Notable players traded: Roger Maris, Enos Slaughter, Red Schoendienst, Early Wynn, Jim Busby
Notable players acquired: Nellie Fox, and too many too list--getting tired of listing names
And one for good measure: Lane's trigger finger didn't merely extend to the players. While with CLE, he traded manager Joe Gordon to DET for manager Jimmy Dykes. Just imagine how many trades the man would have made if he had the luxury of cell phones, emails, and twitters.
McKeon's tenure as a GM wasn't as long as Lane's, nor did he seem to trade with the same level of reckless abandon. But he didn't leave many rocks unturned either.
San Diego Padres : 1980-90
Where Trader Jack failed in the sheer number of transactions, he made up for it in convolution. He loved the multiple player deals. He wanted to turn over as much of the roster as possible in as short a time as possible. Granted, the Padres were awful before he took over baseball operations. In their eleven year history before McKeon's arrival, the franchise posted a record of 719-1052 (.406%) including four 100-loss seasons. Some shaking up was certainly warranted, but good gravy!
Notable players traded: Rollie Fingers, Gene Tenace, Ozzie Smith, Ozzie Guillen, Luis Salazar, Mitch Williams, Kevin Mitchell, Craig Lefferts, Storm Davis, Goose Gossage, John Kruk, Luis Salazar, Carlos Baerga, Sandy Alomar, Jr.
* italics = Hall of Famer
Notable players acquired: Graig Nettles, Kevin Brown, Joe Carter, and most of the players listed above.
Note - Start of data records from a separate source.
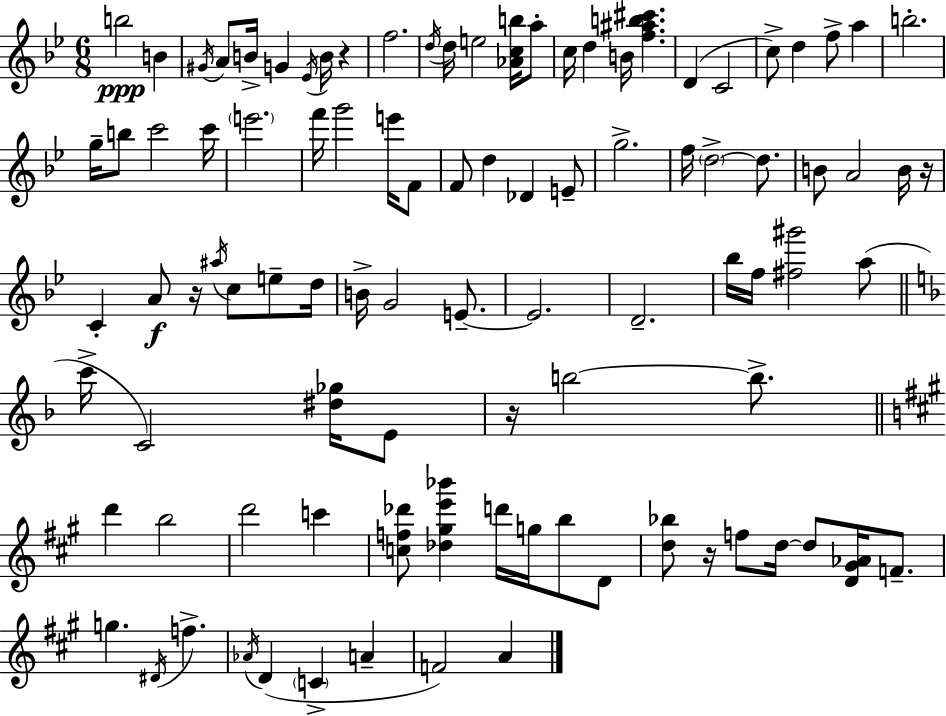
{
  \clef treble
  \numericTimeSignature
  \time 6/8
  \key g \minor
  \repeat volta 2 { b''2\ppp b'4 | \acciaccatura { gis'16 } a'8 b'16-> g'4 \acciaccatura { ees'16 } b'16 r4 | f''2. | \acciaccatura { d''16 } d''16 e''2 | \break <aes' c'' b''>16 a''8-. c''16 d''4 b'16 <f'' ais'' b'' cis'''>4. | d'4( c'2 | c''8->) d''4 f''8-> a''4 | b''2.-. | \break g''16-- b''8 c'''2 | c'''16 \parenthesize e'''2. | f'''16 g'''2 | e'''16 f'8 f'8 d''4 des'4 | \break e'8-- g''2.-> | f''16 \parenthesize d''2->~~ | d''8. b'8 a'2 | b'16 r16 c'4-. a'8\f r16 \acciaccatura { ais''16 } c''8 | \break e''8-- d''16 b'16-> g'2 | e'8.--~~ e'2. | d'2.-- | bes''16 f''16 <fis'' gis'''>2 | \break a''8( \bar "||" \break \key f \major c'''16-> c'2) <dis'' ges''>16 e'8 | r16 b''2~~ b''8.-> | \bar "||" \break \key a \major d'''4 b''2 | d'''2 c'''4 | <c'' f'' des'''>8 <des'' gis'' e''' bes'''>4 d'''16 g''16 b''8 d'8 | <d'' bes''>8 r16 f''8 d''16~~ d''8 <d' gis' aes'>16 f'8.-- | \break g''4. \acciaccatura { dis'16 } f''4.-> | \acciaccatura { aes'16 } d'4( \parenthesize c'4-> a'4-- | f'2) a'4 | } \bar "|."
}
Trader Jack made at least eleven transactions involving five or more players, including an eleven player trade with St. Louis right off the bat in 1980 as well as a handful of seven players trades. At least the players could carpool to their new homes. It should also be noted that the monster deal between San Diego and Toronto, where Joe Carter and Roberto Alomar were exchanged for Tony Fernandez and Fred McGriff occurred in 1991, the year after McKeon stepped down to be field manager. More than likely, this trade was the handiwork of Trader Jack rather than successor Joe McIlvaine, kind of like the Medvedev/Putin relationship over there in Russia.
Trader Frank was certainly the most dynamic of the two, but given ten more years and the increased pressures brought on by escalating free agency dollars, 'ol Trader Jack could've made a run at him. If the two had coexisted, they likely would've been fast friends, smoking big cigars in small hot tubs like men of means and leisure should.